Brief:
From the entries below, print exactly the span beginning with the line holding "this 626×423 image." and ending with the line holding "this 700×500 image.", endpoints included, and skip any pictures.

Data for the task:
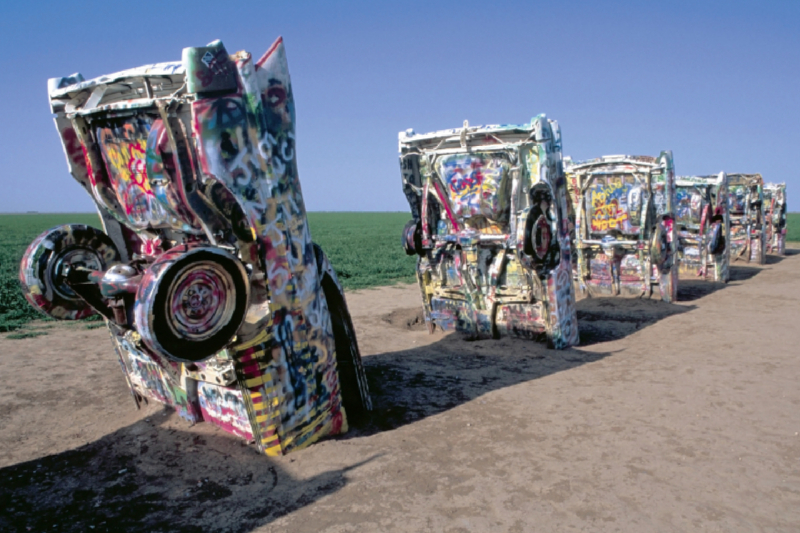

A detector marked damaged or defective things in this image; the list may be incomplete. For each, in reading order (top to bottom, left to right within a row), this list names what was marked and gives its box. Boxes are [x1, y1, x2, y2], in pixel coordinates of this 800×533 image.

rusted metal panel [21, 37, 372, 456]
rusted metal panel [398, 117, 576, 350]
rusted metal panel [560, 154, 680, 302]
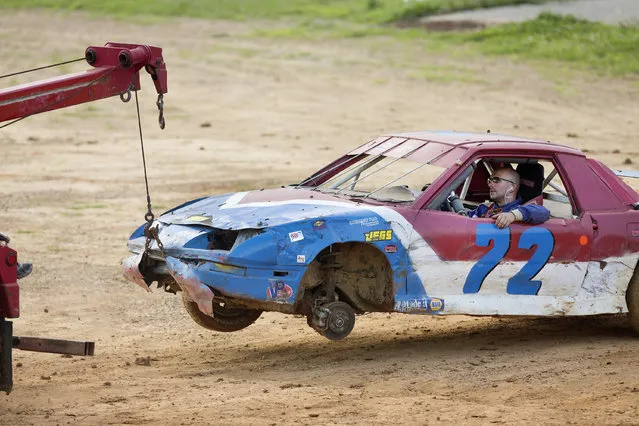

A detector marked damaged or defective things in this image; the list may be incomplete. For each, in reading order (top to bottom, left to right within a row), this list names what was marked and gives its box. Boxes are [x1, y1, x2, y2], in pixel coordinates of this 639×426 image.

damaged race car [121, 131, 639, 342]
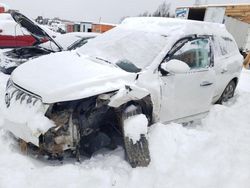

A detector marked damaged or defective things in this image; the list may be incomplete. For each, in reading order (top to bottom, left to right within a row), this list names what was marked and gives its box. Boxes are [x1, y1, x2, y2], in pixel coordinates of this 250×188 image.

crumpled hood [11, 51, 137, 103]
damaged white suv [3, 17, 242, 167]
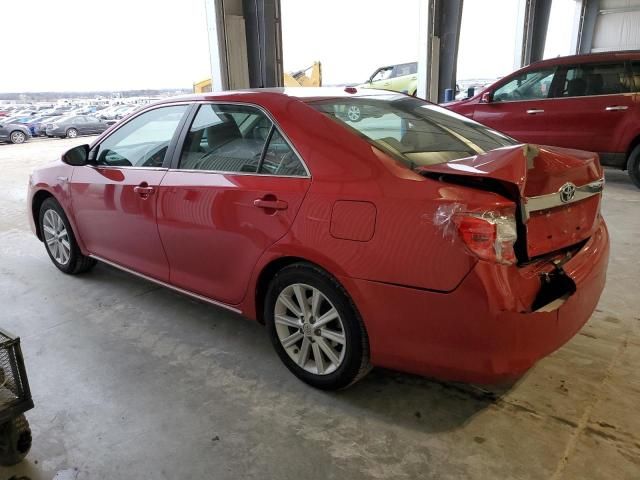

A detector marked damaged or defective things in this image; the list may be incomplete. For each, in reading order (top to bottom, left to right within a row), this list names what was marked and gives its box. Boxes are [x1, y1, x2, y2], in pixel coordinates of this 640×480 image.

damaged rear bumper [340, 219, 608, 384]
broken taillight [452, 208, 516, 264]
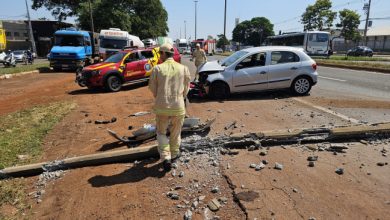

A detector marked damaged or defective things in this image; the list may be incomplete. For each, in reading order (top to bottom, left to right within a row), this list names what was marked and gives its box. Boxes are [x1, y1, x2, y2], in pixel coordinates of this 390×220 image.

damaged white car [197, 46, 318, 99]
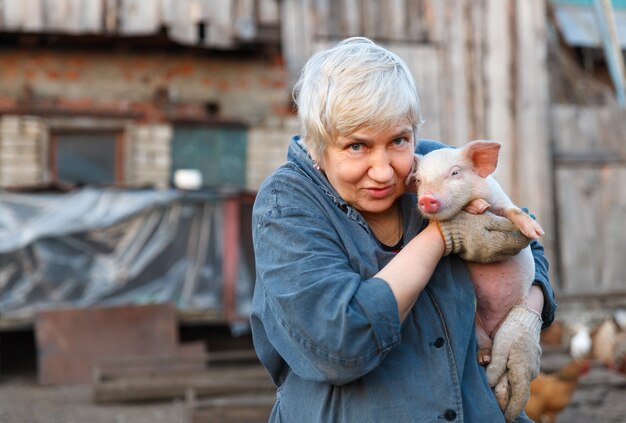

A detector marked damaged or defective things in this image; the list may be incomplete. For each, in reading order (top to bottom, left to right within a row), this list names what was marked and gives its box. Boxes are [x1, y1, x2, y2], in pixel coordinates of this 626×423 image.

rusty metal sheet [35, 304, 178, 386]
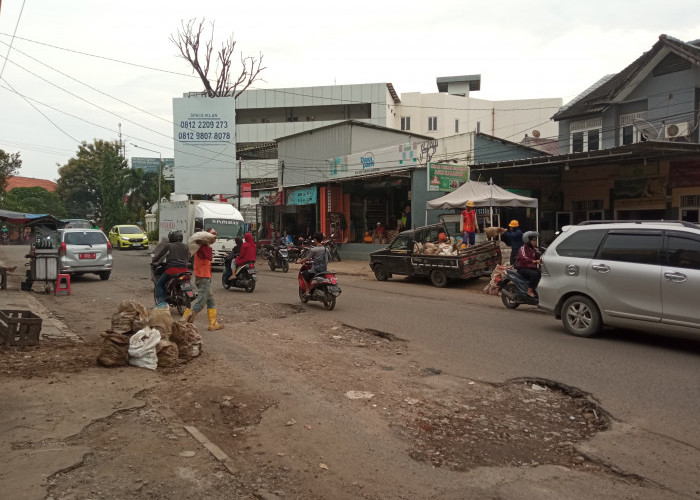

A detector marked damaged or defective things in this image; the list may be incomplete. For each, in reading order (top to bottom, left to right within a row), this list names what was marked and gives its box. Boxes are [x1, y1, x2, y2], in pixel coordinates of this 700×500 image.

==

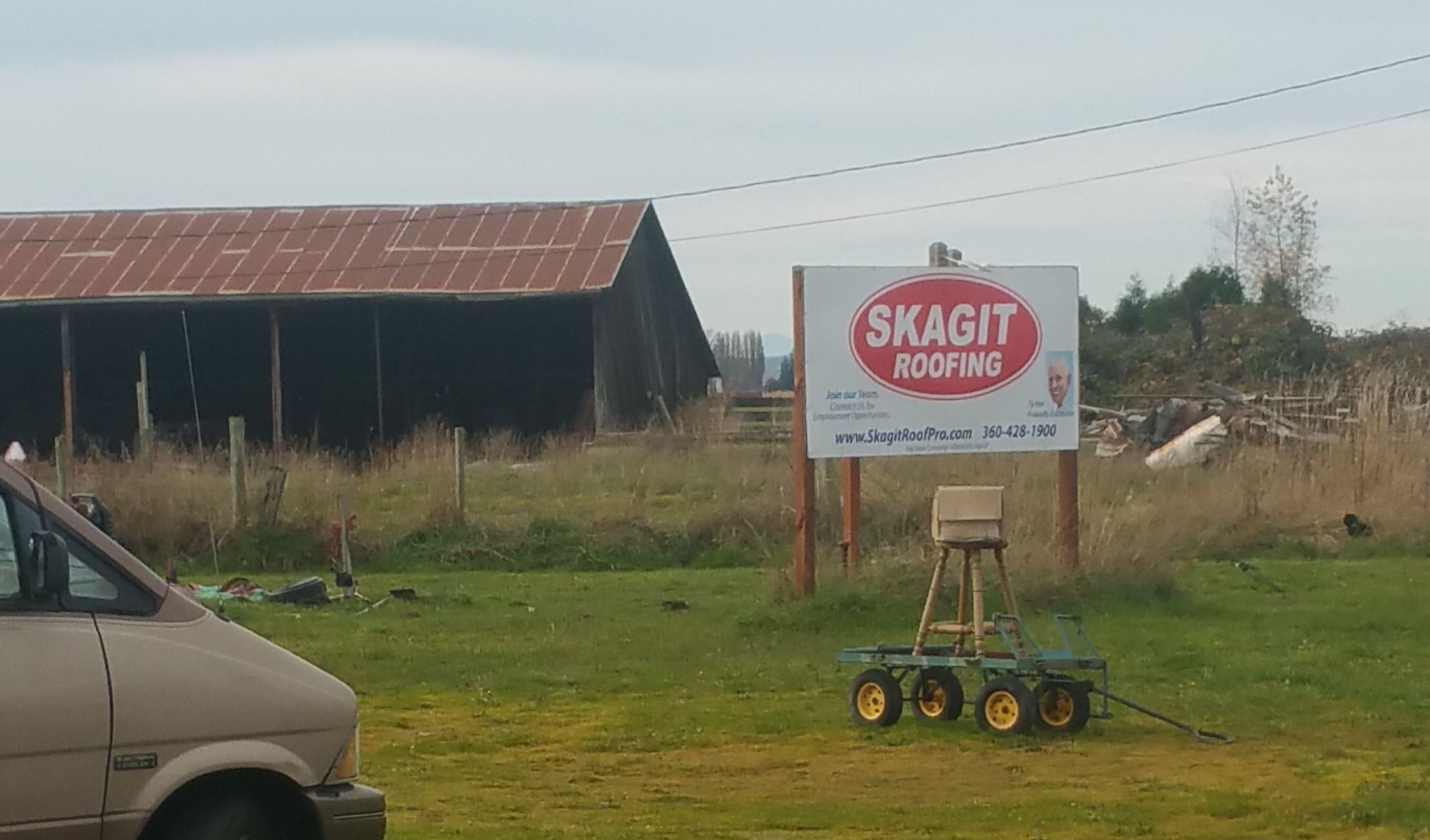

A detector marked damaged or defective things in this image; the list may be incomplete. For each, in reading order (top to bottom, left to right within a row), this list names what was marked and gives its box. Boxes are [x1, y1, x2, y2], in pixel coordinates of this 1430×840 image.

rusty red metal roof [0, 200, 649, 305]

Task solution:
A detector marked damaged or defective things in this image; the list may be incomplete. For each, in reading order (top to bottom, left to right within a row), this list names what was marked and gives its box. Boxes are [x1, y1, x2, y2], in pixel coordinates of this 626×423 image.

rusty metal sheet [35, 304, 178, 386]

A detector marked damaged or defective things in this image; the list may be incomplete. For each, in reading order (top to bottom, left to right within a row), this list names what was marked and gives its box. Boxes are [x1, y1, x2, y2], in pixel coordinates of this 700×500 image.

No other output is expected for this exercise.